Introduction
Triton bridges the gap between high-level Python and low-level GPU programming. It lets ML researchers and engineers write custom GPU kernels in a Python-embedded DSL, achieving performance close to hand-tuned CUDA without managing thread blocks, shared memory, or memory coalescing manually.
What Triton Does
- Compiles Python-decorated functions into GPU kernels via LLVM
- Automatically handles memory coalescing, shared memory management, and thread scheduling
- Supports NVIDIA GPUs (via PTX/CUDA) and AMD GPUs (via ROCm/AMDGPU)

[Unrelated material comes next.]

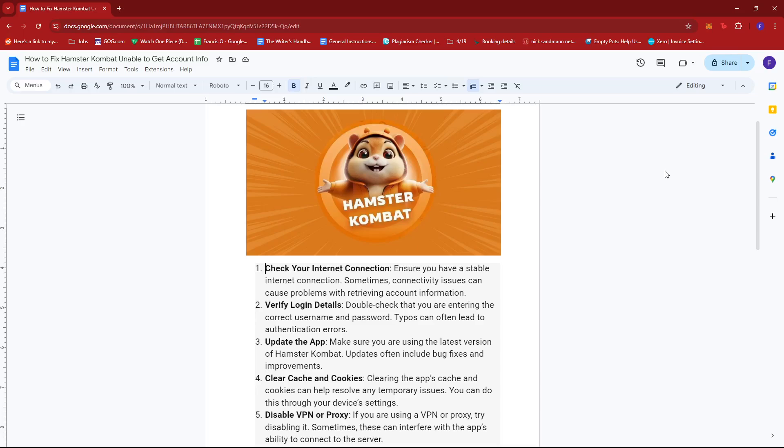If that doesn't work, I also recommend verifying your login details, so always double-check that you're entering the correct username and password. Typos can often lead to authentication errors.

- Integrates with PyTorch tensors as kernel arguments
- Provides auto-tuning utilities to search over kernel configurations
Architecture Overview
Triton programs are written using the @triton.jit decorator and the triton.language module. The compiler parses the Python AST, lowers it to Triton IR, applies optimization passes (automatic memory coalescing, software pipelining, shared memory allocation), and generates LLVM IR. The LLVM backend then produces PTX for NVIDIA GPUs or AMDGPU ISA for AMD. Block-level parallelism is explicit (program_id, arange), but thread-level details are handled by the compiler.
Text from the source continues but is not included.